There are two APIs for writing to files: hdfsWrite() and hdfsPwrite(). With both APIs, you pass a buffer that contains the data to write. You also pass the length of the buffer in bytes. There maximum length of the buffer is the maximum size of the datatype that is used to specify the buffer length. The datatype is a custom datatype: tSize, a signed 32-bit integer.

Both APIs return the number of bytes that were written. Flushes to the server happen automatically at intervals during a write operation. After a write operation is finished, either call hdfsFlush() explicitly or call hdfsFlush() implicitly by calling hdfsCloseFile() to be sure that any data remaining in the write buffer is flushed.

For an example of both APIs in action, see hdfs_write_revised.c.

NOTE The core-site.xml flags:
  • fs.mapr.flush.unaligned default setting (false) enables flushes to the server in 8K boundaries. Unaligned flushes can happen only if idle flusher (fs.mapr.write.idleflush.timeout) is triggered. If this behavior is not desired, set the value for fs.mapr.flush.unaligned to true, which will enable flushing of unaligned write buffers (so that even small writes can be flushed on every subsequent write call).
  • fs.mapr.write.idleflush.timeout automatically flushes the buffer, by default, after 3 seconds for all the open files. This can be disabled by setting the value to 0. If value is specified, buffer is flushed automatically between n to n+1 seconds. For example, if value is 3 seconds, the write buffer is not cached after 4 seconds.
See also: Default core Parameters.

Using hdfsWrite()

When a file is opened in write-only mode or read-write mode, the file is truncated from offset 0, effectively deleting the content of the file. Therefore, the initial write to the file begins at offset 0. You can start subsequent writes anywhere in the file after first calling hdfsSeek() to move to the desired offset.
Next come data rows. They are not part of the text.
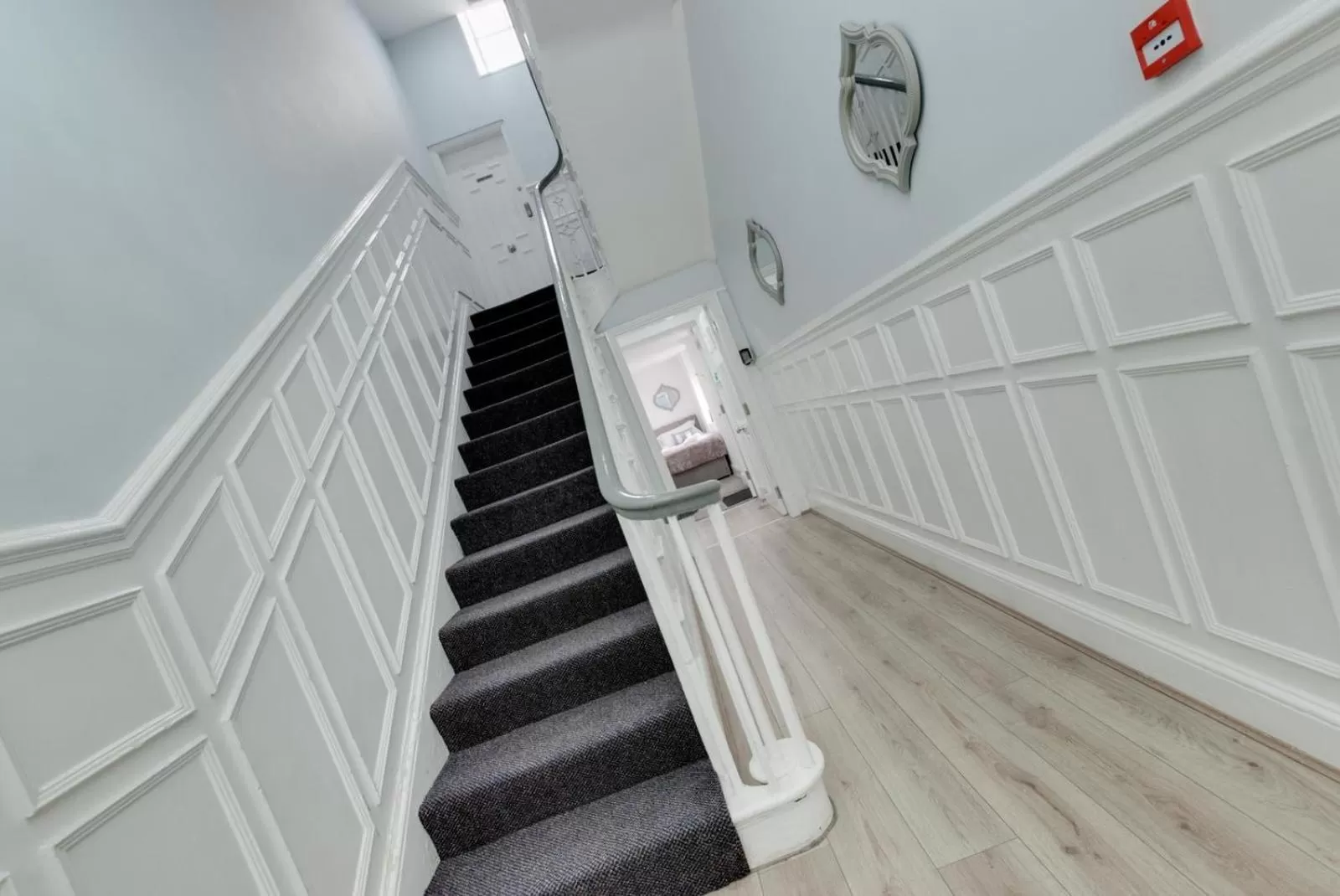 Facade/entrance in RST Rodney Street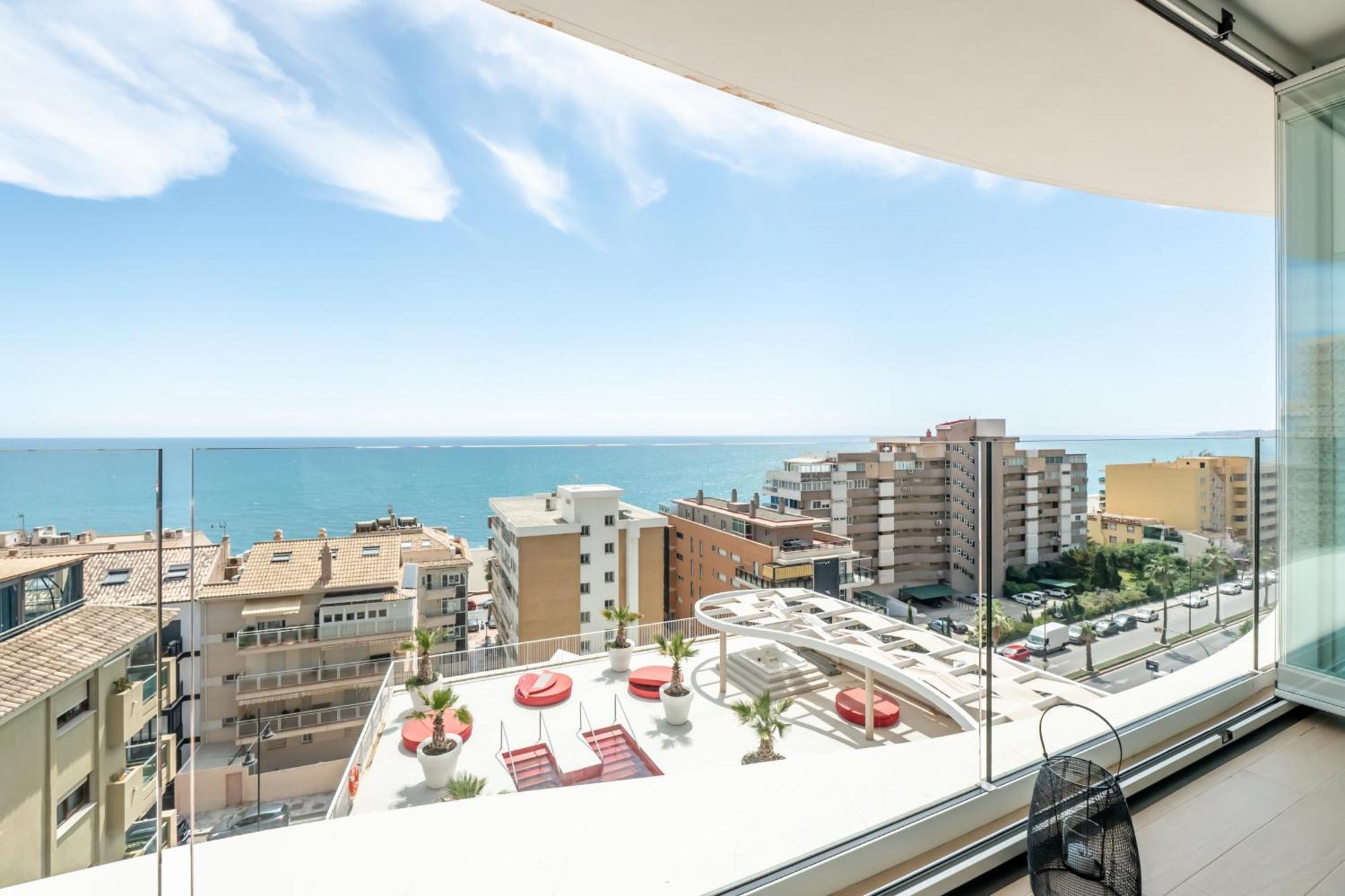 Amazing Sea Views - The Wave Ii, Pool And Sea View *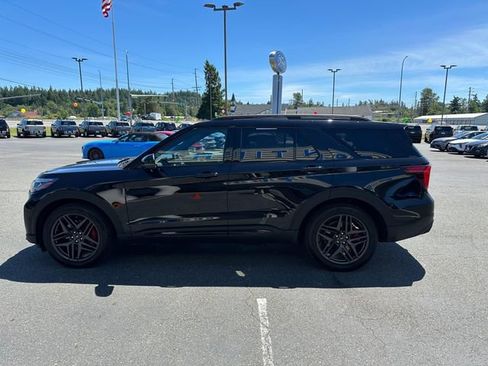 Certified 2025 Ford Explorer ST AWD/4WD image 5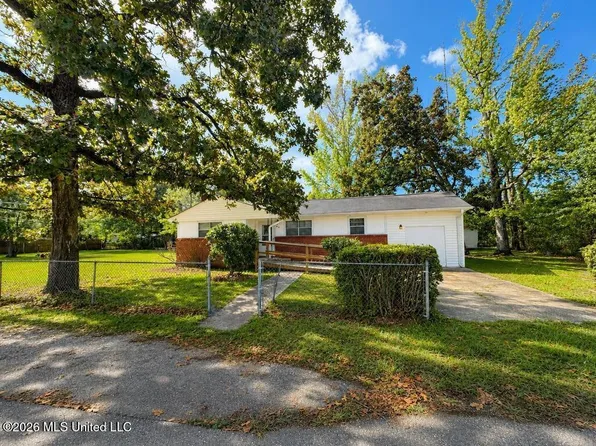 409 Peach St, Picayune, MS 39466
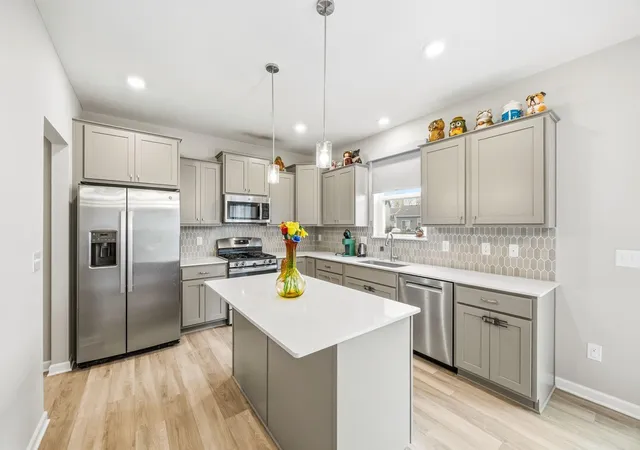 Photo 3 of Single family home for sale at 24400 Edgewater Ln, Rogers, MN 55374 | MLS# 7161079 | Listing updated on 2026-10-22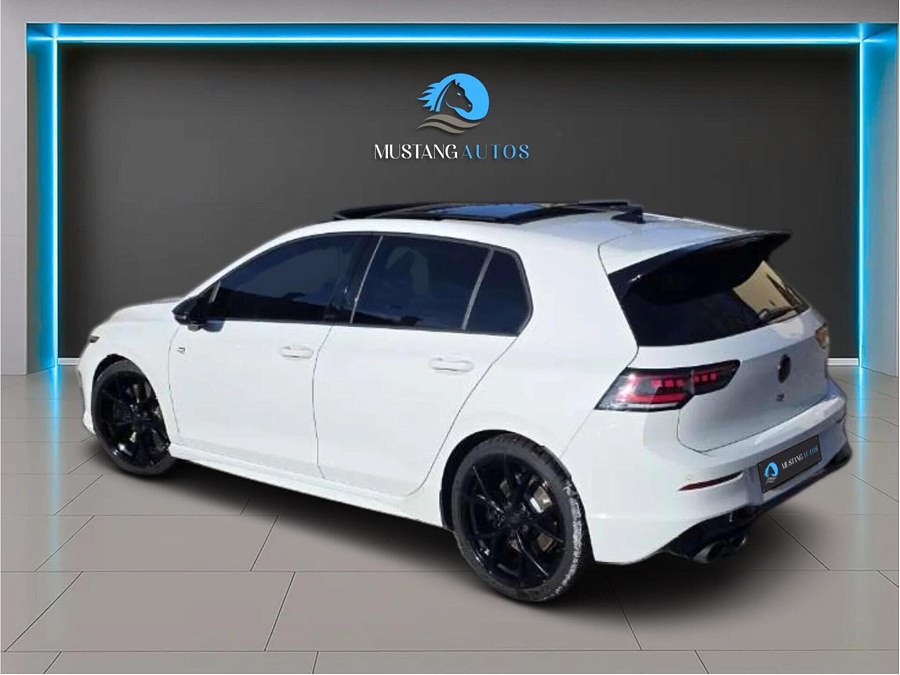 2025 Volkswagen Golf photo 4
After a write operation, the offset is located at the last written byte.

If the file is opened in append mode, data is appended to the end of the file only.

If a call to hdfsSeek() moves the offset past the end of the file before a call to hdfsWrite(), the result is a hole in the file between the previous end of the file and the offset at which the write begins.
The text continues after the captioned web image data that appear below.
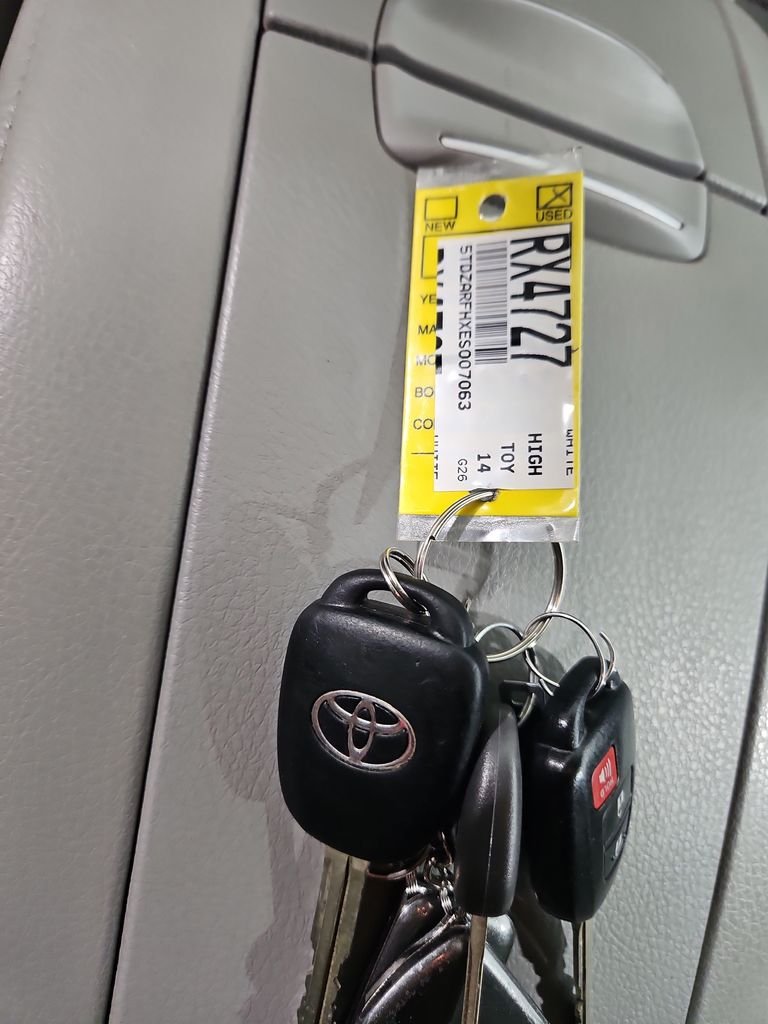 Used 2014 White Toyota LE image 28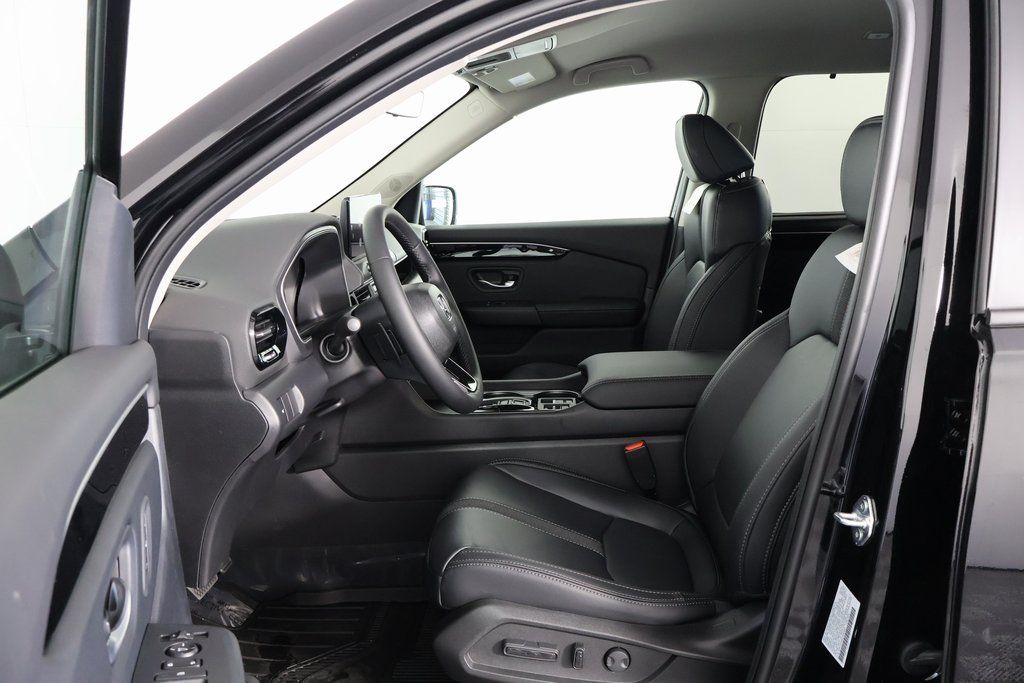 Thumbnail: 2026 Honda Pilot - 5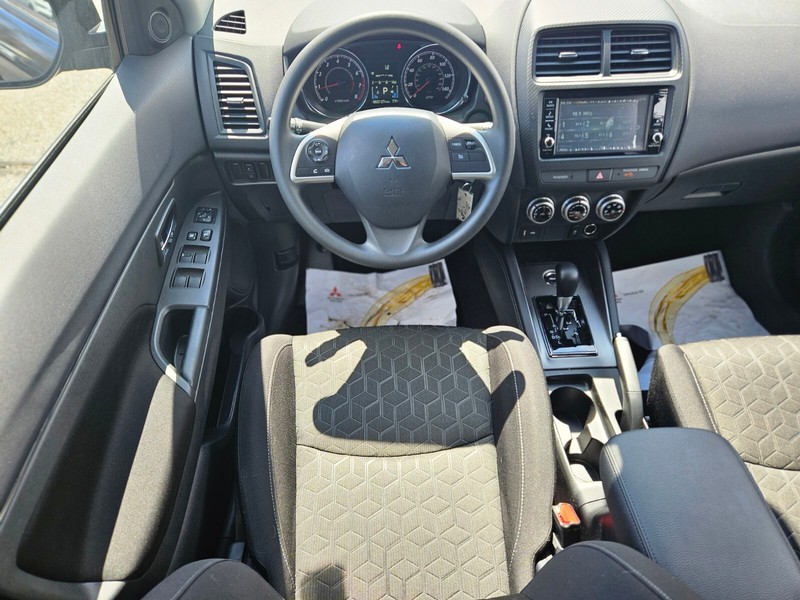 Mitsubishi Outlander Sport Vehicle Full-screen Gallery Image 11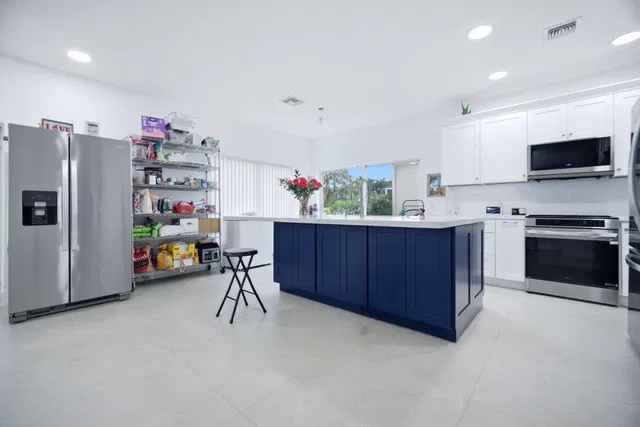  Residence photo 18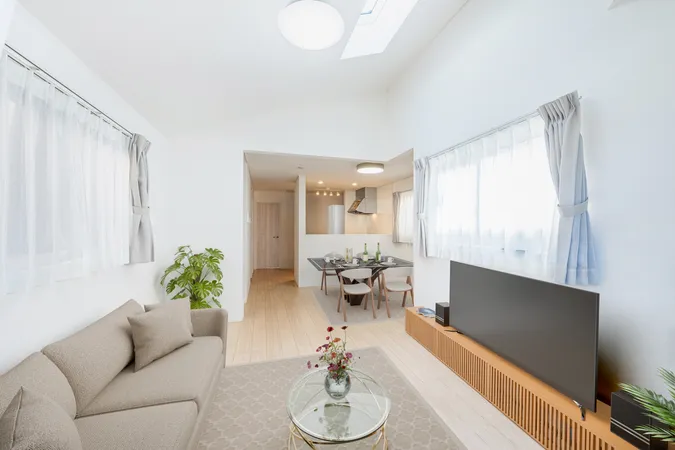 ※画像は実際の室内写真および間取り図をもとに、CGにて再現した「空室リフォームイメージ」に家具調度品の配置例をCG合成したもので、実査とは多少異なります。また、家具等は販売に含まれません。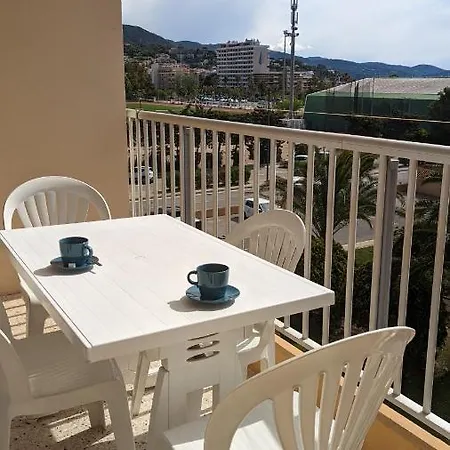 Apartment Climatise Avec Coin Nuit 150m De La Le Lavandou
You can obtain the size of a file in bytes by calling hdfsGetPathInfo.()

On error, pending write buffers are flushed to the server.

Using hdfsPwrite()

Whereas hdfsWrite() increments the current offset by the amount of bytes returned by the API (except in case of error), hdfsPwrite() does not change the value of current offset. If the current offset before the call to hdfsPwrite() is 0 and you specify the offset 10 for the write operation, after the write the current offset remains 0.

If a call to hdfsPwrite() specifies an offset that is past the end of the file, the result is a hole in the file between the previous end of the file and the offset at which the write begins.

You can obtain the size of a file in bytes by calling hdfsGetPathInfo().

On error, pending write buffers are flushed to the server.